Monitoring donor chimerism and MRD at regular interval enables early detection of relapse and early interventions.
The CNS is the most common site of extramedullary relapse post allo-HCT. Inability for donor T-cell to exert GVL in the CNS, due to the blood–brain barrier, has been postulated to make the CNS a sanctuary for relapse.
Relapsed disease is managed by combining chemo and targeted therapy with cellular therapeutic intervention.
Blinatumomab and inotuzumab are some of the agents that should be considered when aiming to achieve CR.

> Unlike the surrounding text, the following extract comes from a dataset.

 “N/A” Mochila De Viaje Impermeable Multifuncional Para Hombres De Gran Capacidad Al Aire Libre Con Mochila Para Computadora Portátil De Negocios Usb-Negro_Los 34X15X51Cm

DLI is likely more efficacious in the setting of MRD-positive disease or prophylaxis rather than in situations of overt relapse.
CART therapy is a novel therapy that has shown very impressive responses. However, the remissions are short-lived, necessitating further consolidative HCT.
The risk-versus-benefit assessment of a consolidative HCT, or a second allo-HCT, must be analyzed sooner rather than later for every patient with relapsed disease. The choice of consolidative HCT would primarily depend on patient performance, donor availability, and availability of clinical trials.
Multiple novel anti-leukemic agents targeting menin inhibition, CD38, and Bcl-2 and McL-1 provide new avenues for improving outcomes.
There is a crucial need for designing clinical trials with novel agents to this specific population to improve outcomes. Utmost effort must be made to ensure that patients relapsing post HCT are enrolled in clinical trials and are referred to high-volume centers for further management.
Disclosure
The authors report no conflicts of interest in this work.